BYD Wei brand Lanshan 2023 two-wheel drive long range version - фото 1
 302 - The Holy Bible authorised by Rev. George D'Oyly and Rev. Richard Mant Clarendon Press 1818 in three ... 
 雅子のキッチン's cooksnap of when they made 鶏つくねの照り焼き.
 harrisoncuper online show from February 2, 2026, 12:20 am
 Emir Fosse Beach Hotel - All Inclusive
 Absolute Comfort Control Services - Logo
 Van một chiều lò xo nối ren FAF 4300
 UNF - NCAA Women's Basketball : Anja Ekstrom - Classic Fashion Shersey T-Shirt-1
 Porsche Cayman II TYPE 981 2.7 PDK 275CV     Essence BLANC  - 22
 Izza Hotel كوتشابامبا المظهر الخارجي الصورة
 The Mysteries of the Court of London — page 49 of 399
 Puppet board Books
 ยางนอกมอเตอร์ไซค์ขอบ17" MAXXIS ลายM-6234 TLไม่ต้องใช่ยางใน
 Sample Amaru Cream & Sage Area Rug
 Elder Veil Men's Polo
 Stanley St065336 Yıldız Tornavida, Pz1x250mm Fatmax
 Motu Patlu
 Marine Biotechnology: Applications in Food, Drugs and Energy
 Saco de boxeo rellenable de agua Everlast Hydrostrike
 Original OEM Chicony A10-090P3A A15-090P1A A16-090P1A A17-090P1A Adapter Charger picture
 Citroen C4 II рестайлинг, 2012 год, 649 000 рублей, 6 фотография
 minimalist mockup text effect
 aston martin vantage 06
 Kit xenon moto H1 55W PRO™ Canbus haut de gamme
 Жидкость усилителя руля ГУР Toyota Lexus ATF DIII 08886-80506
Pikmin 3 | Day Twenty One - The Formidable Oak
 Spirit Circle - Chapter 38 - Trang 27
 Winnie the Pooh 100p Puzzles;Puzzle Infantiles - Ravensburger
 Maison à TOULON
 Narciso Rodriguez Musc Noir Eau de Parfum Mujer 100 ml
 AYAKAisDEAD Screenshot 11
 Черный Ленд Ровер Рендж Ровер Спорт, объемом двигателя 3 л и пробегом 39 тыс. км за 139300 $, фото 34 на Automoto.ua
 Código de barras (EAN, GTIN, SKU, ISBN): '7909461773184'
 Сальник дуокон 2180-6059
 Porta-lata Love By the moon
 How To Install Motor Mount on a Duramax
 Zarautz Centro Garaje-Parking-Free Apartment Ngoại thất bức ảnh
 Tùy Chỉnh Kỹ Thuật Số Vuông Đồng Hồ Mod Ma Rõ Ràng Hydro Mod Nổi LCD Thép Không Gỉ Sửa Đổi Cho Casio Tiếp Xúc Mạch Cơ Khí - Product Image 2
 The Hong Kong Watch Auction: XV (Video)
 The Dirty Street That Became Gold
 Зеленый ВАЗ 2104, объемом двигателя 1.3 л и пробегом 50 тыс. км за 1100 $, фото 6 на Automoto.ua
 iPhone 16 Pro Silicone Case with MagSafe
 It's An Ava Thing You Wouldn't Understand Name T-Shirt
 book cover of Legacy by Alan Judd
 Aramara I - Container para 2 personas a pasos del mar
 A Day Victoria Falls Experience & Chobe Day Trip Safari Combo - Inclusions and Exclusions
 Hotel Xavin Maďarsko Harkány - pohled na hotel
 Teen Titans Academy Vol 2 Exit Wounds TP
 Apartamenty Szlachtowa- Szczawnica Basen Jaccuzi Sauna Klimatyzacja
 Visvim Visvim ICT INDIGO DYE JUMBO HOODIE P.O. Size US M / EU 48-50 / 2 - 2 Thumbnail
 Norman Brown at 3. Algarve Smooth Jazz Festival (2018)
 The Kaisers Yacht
....
◆ Task description
Copy each line of the listing that contains "Automoto".

◆ Output for this task
 Черный Ленд Ровер Рендж Ровер Спорт, объемом двигателя 3 л и пробегом 39 тыс. км за 139300 $, фото 34 на Automoto.ua
 Зеленый ВАЗ 2104, объемом двигателя 1.3 л и пробегом 50 тыс. км за 1100 $, фото 6 на Automoto.ua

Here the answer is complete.